- _STORED DATA_:
+ + +

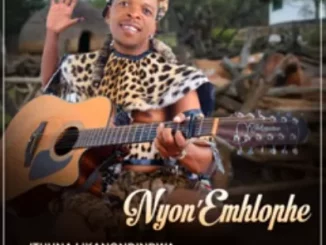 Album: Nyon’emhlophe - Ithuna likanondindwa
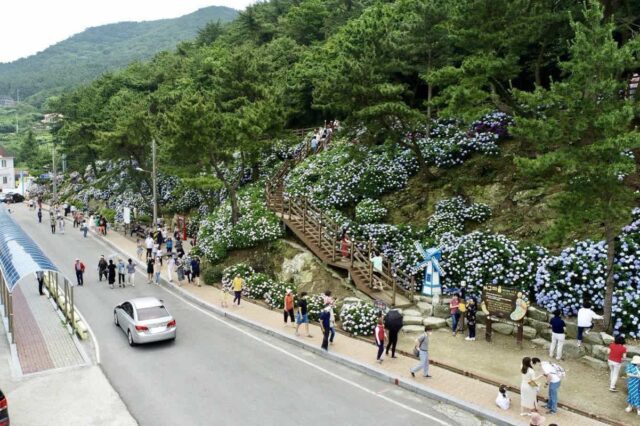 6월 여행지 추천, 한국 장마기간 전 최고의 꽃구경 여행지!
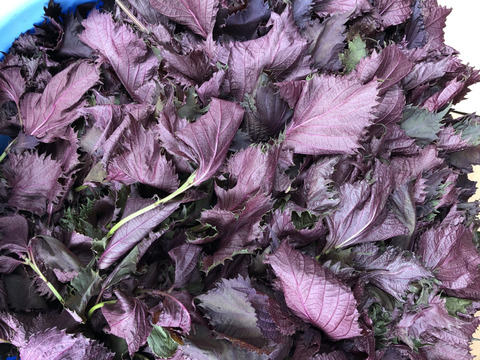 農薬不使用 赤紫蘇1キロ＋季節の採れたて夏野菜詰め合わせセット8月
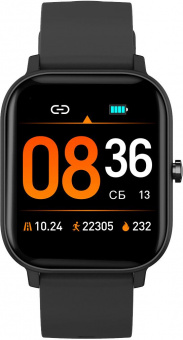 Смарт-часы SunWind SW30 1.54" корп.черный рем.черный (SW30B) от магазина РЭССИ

+ + +

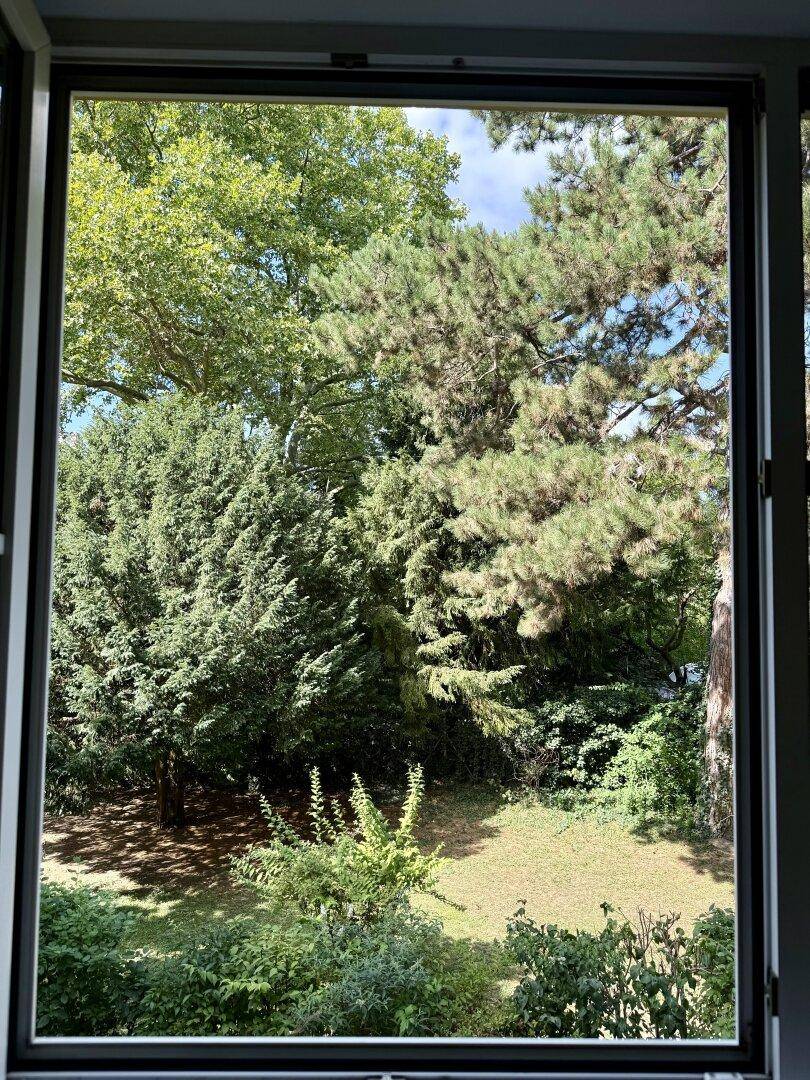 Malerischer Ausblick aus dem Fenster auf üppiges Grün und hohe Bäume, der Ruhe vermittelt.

+ + +

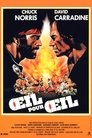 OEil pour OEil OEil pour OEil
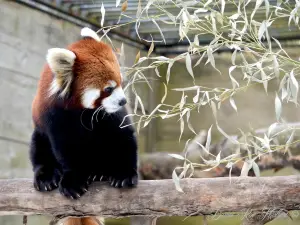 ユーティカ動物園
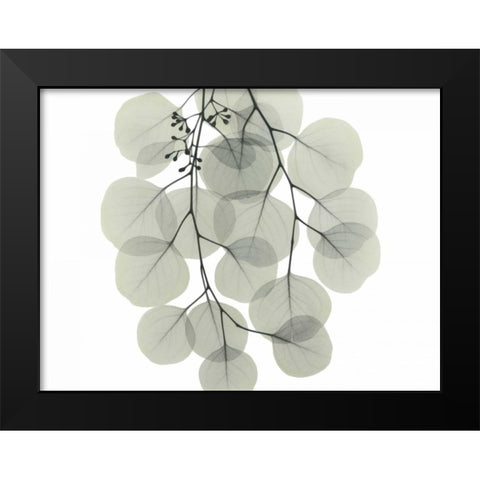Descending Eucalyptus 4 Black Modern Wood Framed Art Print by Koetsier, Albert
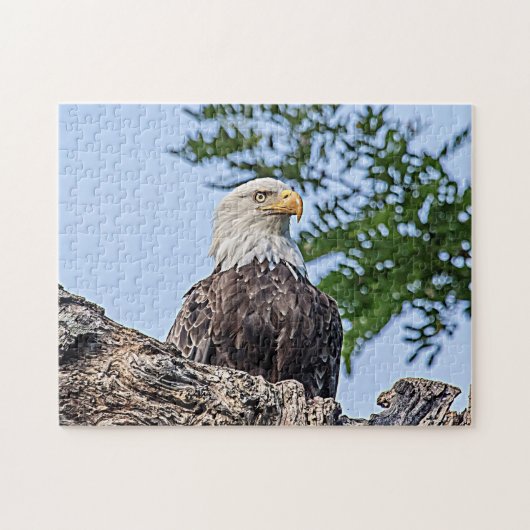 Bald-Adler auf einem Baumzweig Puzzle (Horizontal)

+ + +

- _TASK DESCRIPTION_: Leave the pictures out, and transcribe exactly the lines above starting at the one that contains "Descending Eucalyptus 4" and ending at the one that contains "Bald-Adler auf einem".

- _SOLUTION_:
Descending Eucalyptus 4 Black Modern Wood Framed Art Print by Koetsier, Albert
 Bald-Adler auf einem Baumzweig Puzzle (Horizontal)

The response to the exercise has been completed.